FBI agents sue over probe on January 6 investigations

FBI agents have filed a class action lawsuit against the Justice Department. (EPA PHOTO)

Two separate groups of FBI employees has sued the US Justice Department, seeking to protect the identities of those agents and others who investigated supporters of Donald Trump for storming the US Capitol on January 6, 2021.

Participants in the riots who were pardoned by Trump have taken to social media to identify prosecutors and agents who worked on their cases. Trump pardoned about 1500 supporters hours after taking office on January 20.

The two lawsuits against the Justice Department were both filed ahead of a deadline imposed by Acting Deputy Attorney General Emil Bove, ordering FBI leadership to turn over a list of every FBI employee who helped with the January 6 investigation.

The January 6, 2021 riot
Supporters of Donald Trump stormed the US Capitol on January 6, 2021.

Acting FBI Director Brian Driscoll told staff the list would encompass thousands of employees, including himself.

FBI leadership on Tuesday turned over the requested list of employees who worked on January 6 cases to the Justice Department, but the list did not contain names, according a person familiar with the matter and an internal FBI email seen by Reuters.

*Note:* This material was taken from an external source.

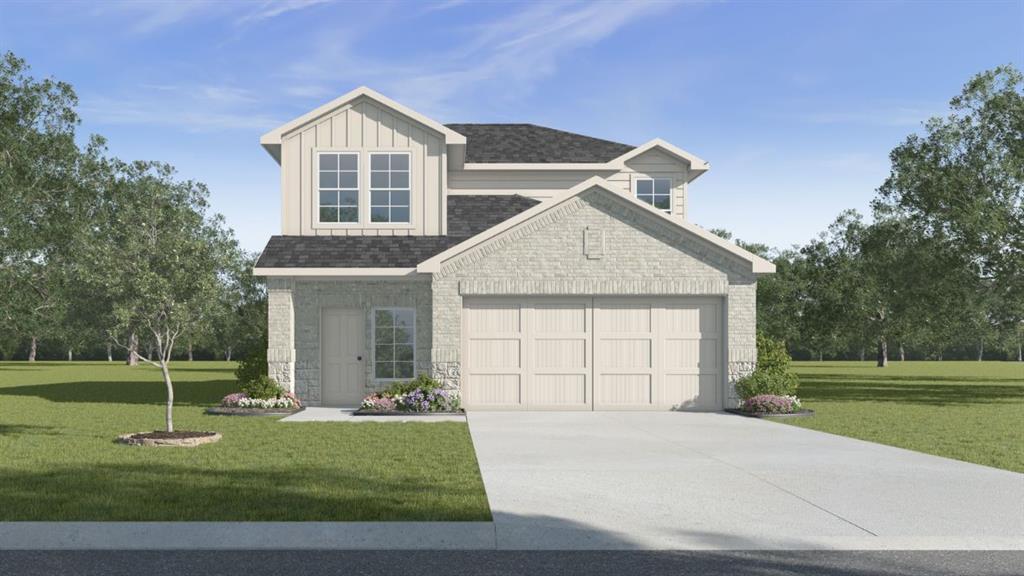 10601 Red Thistle Drive Property Photo 1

Instead, the FBI provided a list identifying employees only by their "unique employee identifier" as well as "their title at the time of the relevant investigation or prosecution, the office to which they are currently assigned, their role in the relevant investigation or prosecution and the date of last activity related to the investigation or prosecution," the email showed.

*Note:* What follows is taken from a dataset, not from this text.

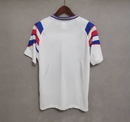France 1996 Away Shirt 2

It was not clear what the Justice Department planned to do with it. A DOJ spokesperson declined to comment.

In the first class-action lawsuit, a group of anonymous FBI employees said the Justice Department was trying to identify agents to be fired or otherwise punished.

"Plaintiffs reasonably fear that all or parts of this list might be published by allies of President Trump, thus placing themselves and their families in immediate danger of retribution by the now pardoned and at-large January 6 convicted felons," the lawsuit says.

According to the lawsuit, as many as 6000 FBI employees participated in some manner in the January 6 investigations.

The second lawsuit, filed by the FBI Agents Association, likewise asked the court to protect employees' identities.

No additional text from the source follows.